* **TASK BRIEF**
Only an exact, complete copy of the listing will serve as the answer.
··· DATASET EXCERPTS ···
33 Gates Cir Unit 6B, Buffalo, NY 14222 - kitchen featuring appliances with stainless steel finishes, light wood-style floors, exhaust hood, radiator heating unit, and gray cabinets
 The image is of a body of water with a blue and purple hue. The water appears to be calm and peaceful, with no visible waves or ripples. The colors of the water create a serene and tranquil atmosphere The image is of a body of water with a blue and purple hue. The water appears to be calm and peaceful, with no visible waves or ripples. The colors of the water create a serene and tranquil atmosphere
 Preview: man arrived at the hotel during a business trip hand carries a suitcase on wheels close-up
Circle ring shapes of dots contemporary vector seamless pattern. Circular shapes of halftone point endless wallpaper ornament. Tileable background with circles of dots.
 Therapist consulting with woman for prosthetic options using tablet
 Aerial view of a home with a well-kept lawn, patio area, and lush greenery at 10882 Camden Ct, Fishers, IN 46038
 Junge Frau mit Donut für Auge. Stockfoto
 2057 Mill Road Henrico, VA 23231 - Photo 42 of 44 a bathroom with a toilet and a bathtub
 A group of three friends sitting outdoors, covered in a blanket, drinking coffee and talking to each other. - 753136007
···
* **RESULT OF THE TASK**
33 Gates Cir Unit 6B, Buffalo, NY 14222 - kitchen featuring appliances with stainless steel finishes, light wood-style floors, exhaust hood, radiator heating unit, and gray cabinets
 The image is of a body of water with a blue and purple hue. The water appears to be calm and peaceful, with no visible waves or ripples. The colors of the water create a serene and tranquil atmosphere The image is of a body of water with a blue and purple hue. The water appears to be calm and peaceful, with no visible waves or ripples. The colors of the water create a serene and tranquil atmosphere
 Preview: man arrived at the hotel during a business trip hand carries a suitcase on wheels close-up
Circle ring shapes of dots contemporary vector seamless pattern. Circular shapes of halftone point endless wallpaper ornament. Tileable background with circles of dots.
 Therapist consulting with woman for prosthetic options using tablet
 Aerial view of a home with a well-kept lawn, patio area, and lush greenery at 10882 Camden Ct, Fishers, IN 46038
 Junge Frau mit Donut für Auge. Stockfoto
 2057 Mill Road Henrico, VA 23231 - Photo 42 of 44 a bathroom with a toilet and a bathtub
 A group of three friends sitting outdoors, covered in a blanket, drinking coffee and talking to each other. - 753136007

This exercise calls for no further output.